*** Opening of Data shown ***

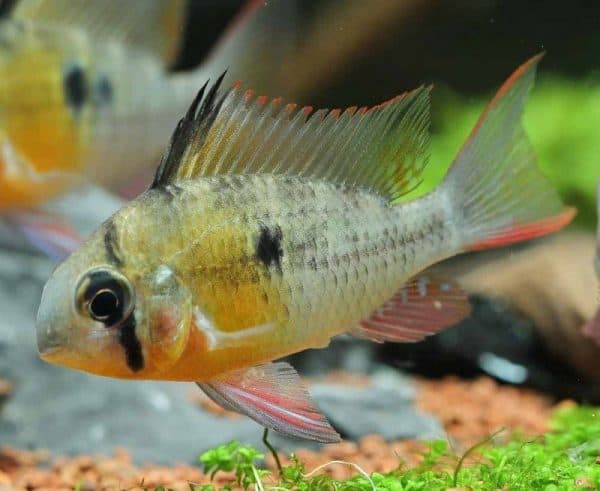 Бабочка боливийская - красивая рыбка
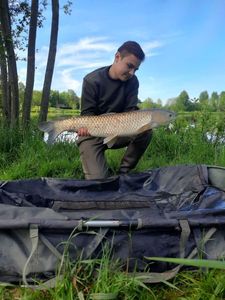 Grass Carp
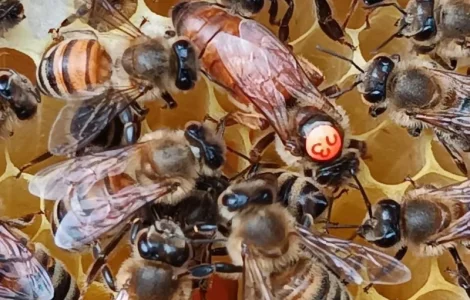 Матки Бакфаст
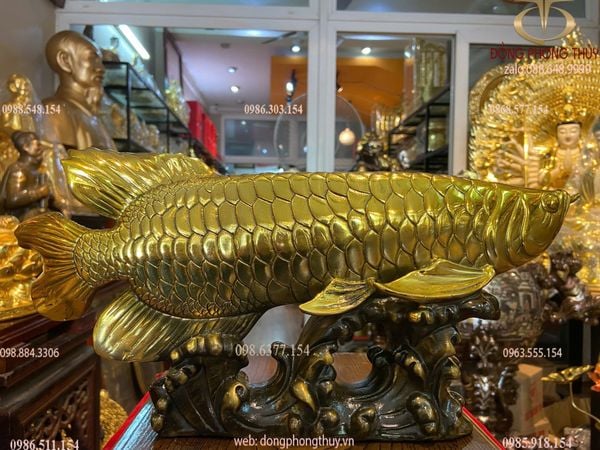 Cá rồng cao bằng đồng 17 dài 38 nặng 4 kg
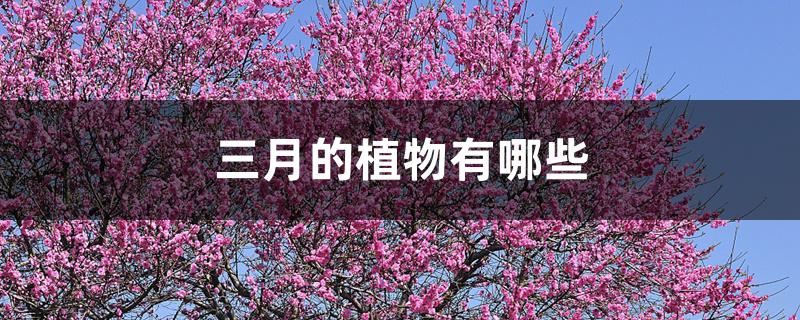 三月的植物有哪些 三月的植物有哪些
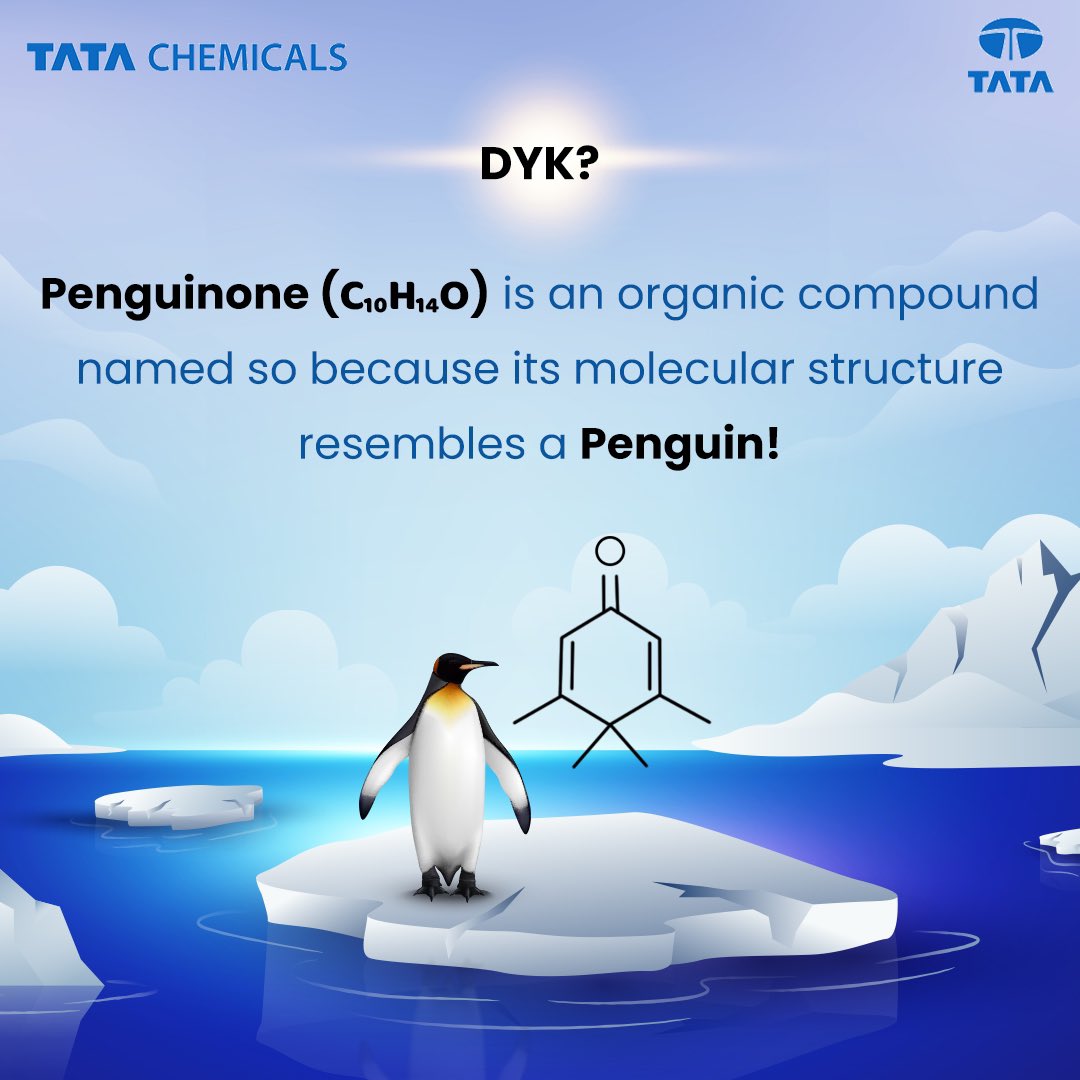 TataChemicals's tweet photo. Chemicals give shape to what we see and interact with everyday.
Penguinone is one such organic compound, whose name comes from the fact that its molecular structure resembles a penguin. Pretty cool, right?
So tell us, how do you feel inspired by #Chemistry?
#WorldOfScience https://t.co/9OaiOrIS9L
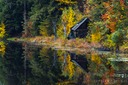 Beams-Barn-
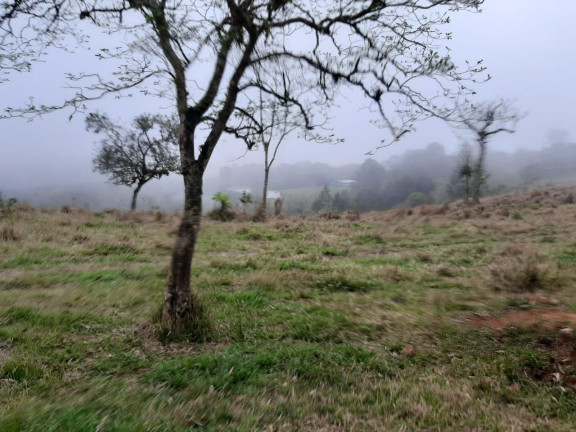 Imagem Fazenda à Venda, 20 m² em Campo Grande - Pilar Do Sul Imagem Fazenda à Venda, 20 m² em Campo Grande - Pilar Do Sul
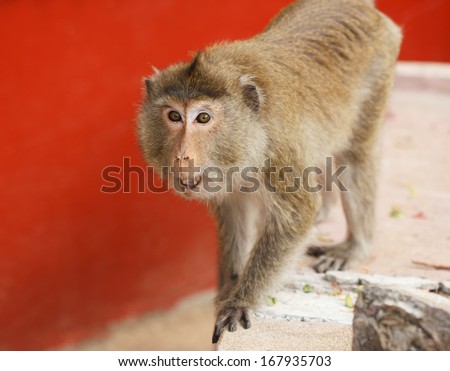Angry monkey in buddhist temple, Cambodia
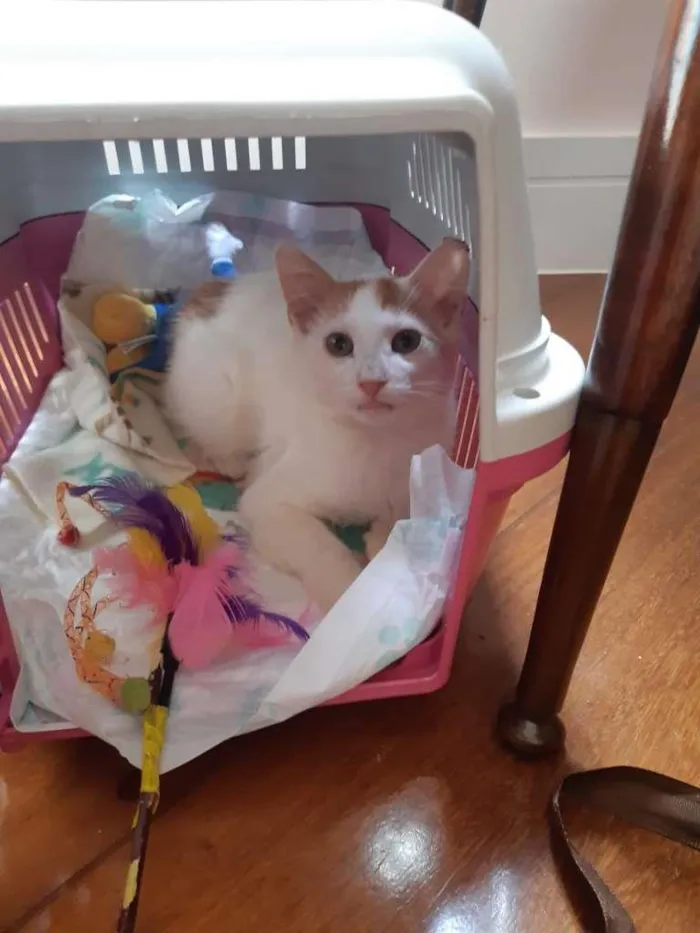 Gato raça srd idade 2 a 6 meses nome Irmãos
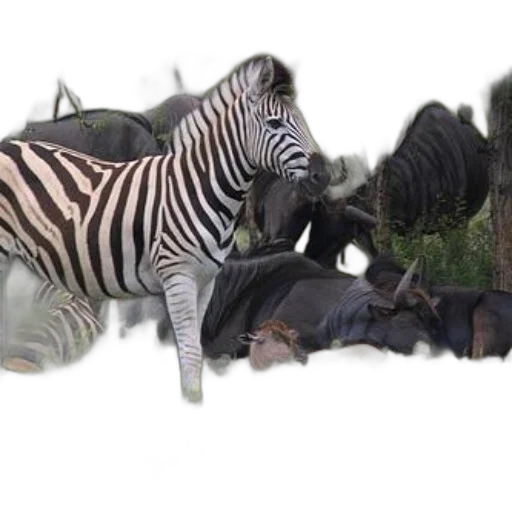 animal, creature, staff, weapon transparent PNG cut-out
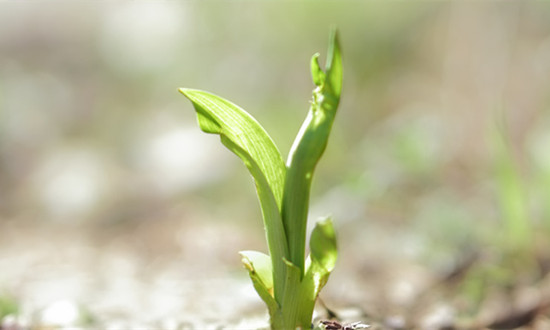 生長抑素行業(yè)產(chǎn)業(yè)鏈全景及市場需求分析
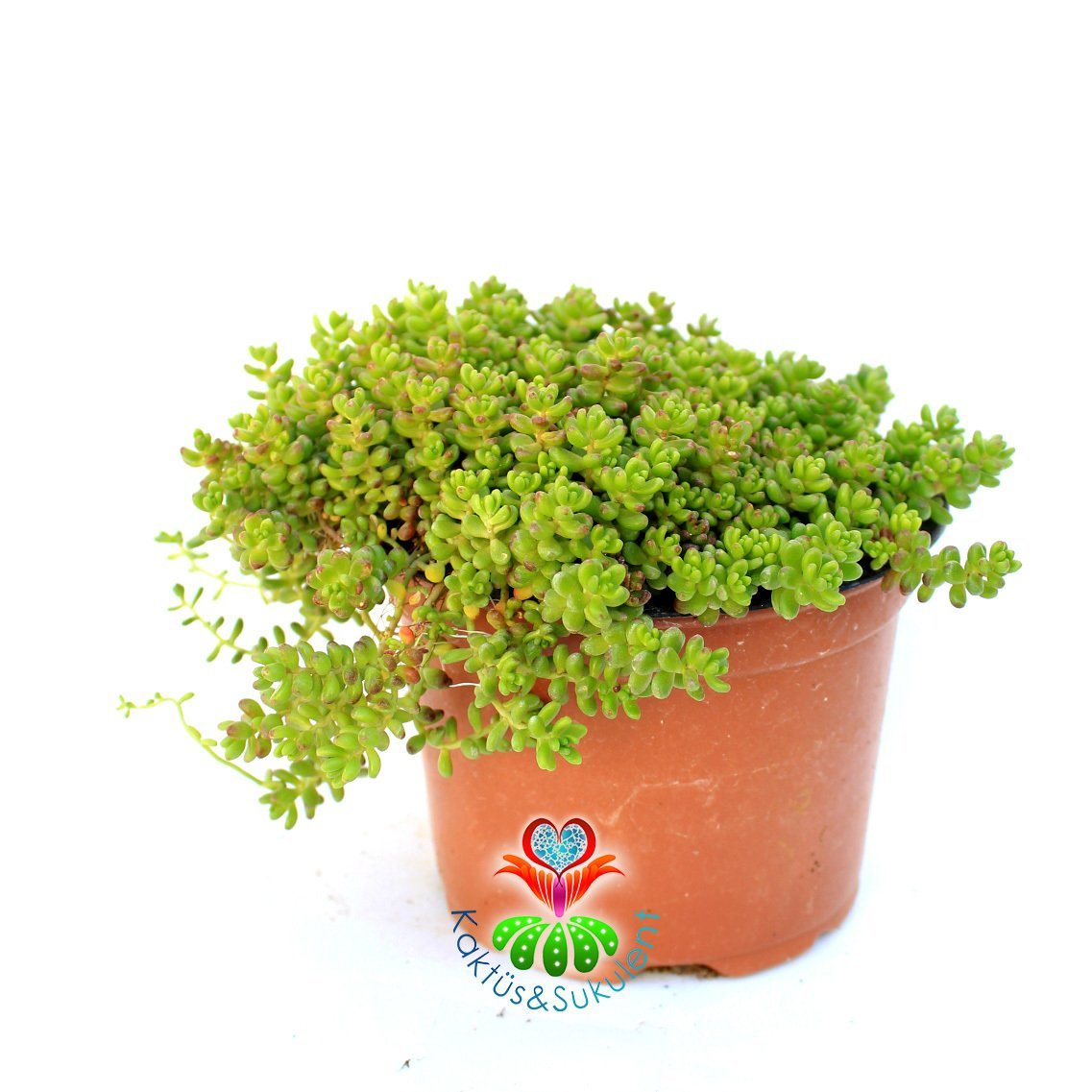 Sedum Album 'Coral Carpet'-12 cm Saksıda - Yayılıcı Yer Örtücü-Soğuğa Dayanıklı-Dış Mekanda Kışın Yaşayabilir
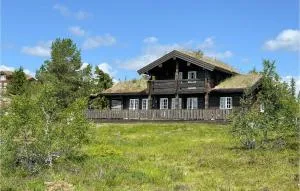 Amazing Home In Nissedal With Lake View - Kyrkjebygdi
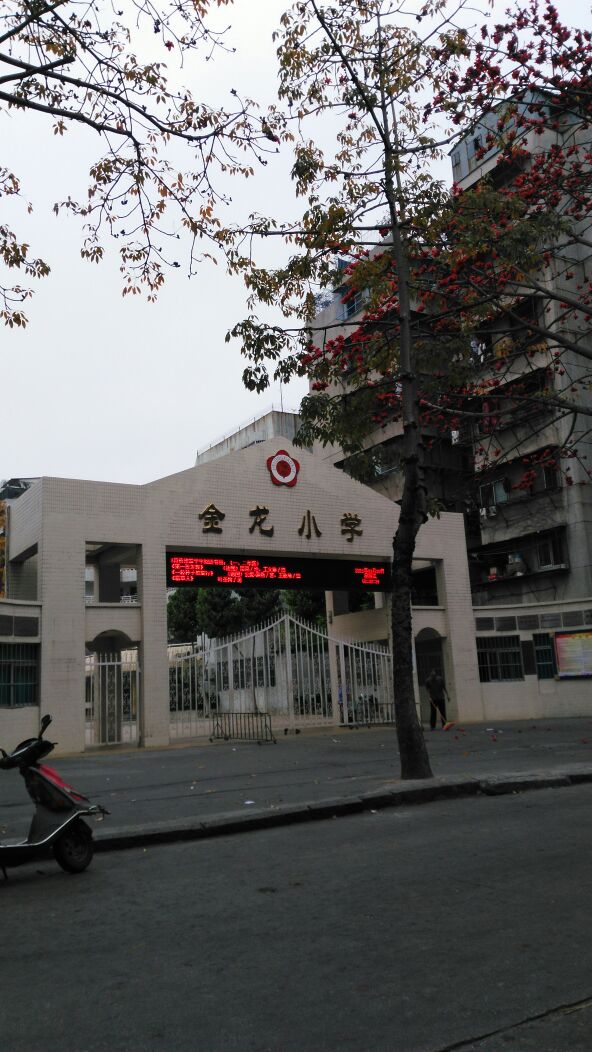 金融小学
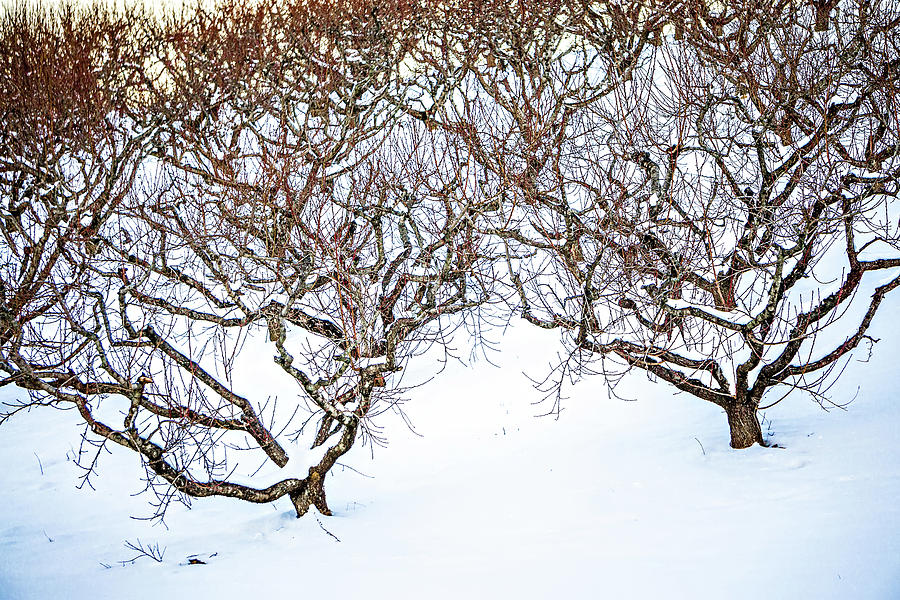 Peach Tree Orchards On Snowy Winter Landscape #1 Photograph by Alex Grichenko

*** Close of Data shown ***

> [Your goal] Return nothing except the lines from the one containing "So tell us, how" through the final line of the data, copied exactly. Leave out all pictures.

> [Exercise solution]
So tell us, how do you feel inspired by #Chemistry?
#WorldOfScience https://t.co/9OaiOrIS9L
 Beams-Barn-
 Imagem Fazenda à Venda, 20 m² em Campo Grande - Pilar Do Sul Imagem Fazenda à Venda, 20 m² em Campo Grande - Pilar Do Sul
Angry monkey in buddhist temple, Cambodia
 Gato raça srd idade 2 a 6 meses nome Irmãos
 animal, creature, staff, weapon transparent PNG cut-out
 生長抑素行業(yè)產(chǎn)業(yè)鏈全景及市場需求分析
 Sedum Album 'Coral Carpet'-12 cm Saksıda - Yayılıcı Yer Örtücü-Soğuğa Dayanıklı-Dış Mekanda Kışın Yaşayabilir
 Amazing Home In Nissedal With Lake View - Kyrkjebygdi
 金融小学
 Peach Tree Orchards On Snowy Winter Landscape #1 Photograph by Alex Grichenko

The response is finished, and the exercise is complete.